Her new album Havoc and Bright Lights feels like a step backward musically and a fumbled attempt lyrically.

As a new wife and mother, her life has changed in many capacities that I – as a gay man – can no longer relate to. But again, it doesn’t prevent me from trying to lift the lesson out of it.

But perhaps the problem is that it all feels too self-help. And being Alanis, I know going in that it’s going to be heavy on the Debbie Ford psycho babble, which I can abide by up to a certain degree. But the problem with this album is that it’s musically not interesting enough to lift the lyrical components up and it all feels a bit empty as a result.

The moments you can discern Guy Sigsworth’s brilliance are delicious. But then there’s the glossy production of ‘live band’ laid atop Sigsworth’s sonic creations that leaves the songs feeling inconsistent and never truly strong enough to stand on their own for repeat listens.

“Guardian,” the first single, leaves no lasting impression and doesn’t sound new in the catalog of Morissette thus far. “Woman Down,” while more catchy, again feels like something from Feast On Scraps.

“Til You” is one of the few songs I found endearing and fresh. While the sweeping, sonic ballad is nothing new for her, when Alanis does them right – they’re pretty superb.

Then comes “Celebrity,” which is a disjointed affair that attempts to blend too many sounds and flavors in one song. It’s a mashup basically of “Moratorium” and “Would Not Come,” without reaching the level of either.

If it’s not evident that this album is all self-help, the song titles themselves should give it away. Like with “Empathy,” which is a bumbling lyrical mess. This could be a throwaway album track on a Natalie Merchant track from 1999. So it’s not terrible, but it’s not what I expect of Alanis.

“Lens” is probably the most Jagged Little Pill-esque track and has a chorus that is catchy enough to be put on repeat. It’s just another track – like most – that feels like it’s been done before on a previous effort and probably with greater success. The entire album does come across as the pt. 2 of So Called Chaos. For better or worse.

“Spiral” is a non-descript 90s female empowerment type of song that bears no more commentary. “Numb” at least counters it with a more interesting production.

Then there’s the terrible “Havoc,” which any Alanis fan will remember as a song called, “Not All Me,” a melody not that terribly great to begin with.

“Win and win” is another eastern-tinged track that promises something but doesn’t quite rev up enough to deliver. It’s a lilting affair at best, but not one of the worst tracks on the album. “Receive” is another track where I ask myself, “Was I supposed to by an accompanying self-help book in order to relate to this?”

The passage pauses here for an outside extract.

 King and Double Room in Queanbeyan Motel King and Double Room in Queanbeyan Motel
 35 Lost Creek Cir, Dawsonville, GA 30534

The only other standout track for me on the album is the closing number, “Edge of Evolution,” which clearly has Sigsworth all over it. But it’s also something we’ve never really heard from Alanis before, with this melodic pattern and stuttering drums. Finally we get a slow-build and a chorus that delivers. Many seems to loathe this track and perhaps my attachment to it is because of my love for Flavors of Entanglement, with this track being the closest evolution – so to speak – of that cosmic sound working well with the live band production. My only complaint is that the vocals feel so background to the track itself, as though there isn’t a strong enough lead vocal.

Maybe the lesson here is that my own story is no longer going to mirror any of the storytellers of my youth. That my own narrative is going to be uniquely my own and that the lessons are no longer coming from this faucet. But the ride thus far has been good and perhaps it’s just a matter of time for me to have to come back to have a better appreciation for this sound and the lyrical content.

But until then, I’ll return to one of my favorite tracks that is totally rooted in self-help but somehow blends it into a song that I find completely relatable. And a reminder that it’s always about the journey toward total self-acceptance and being whole:


The Dark Knight Rises

Well, I saw Christopher Nolan’s conclusion to his Dark Knight trilogy. Now, what’s funny is that I went with my mom who was a wonderful sport about the entire thing. I learned that she saw the first of the trilogy (which later would be helpful to the overall story in …Rises) but somehow missed what is probably the most epic comic book film ever, The Dark Knight, mostly because of the epic performance by the late Heath Ledger in his masterful and psychotic portrayal of the most iconic villain in all of comic lore – The Joker.

Rises was great and while many had said that overall the story was a bit messy and there were many unanswered questions, I think as the bookend piece to the trilogy, it wrapped it up perfectly and the audience cheered at the end of the film.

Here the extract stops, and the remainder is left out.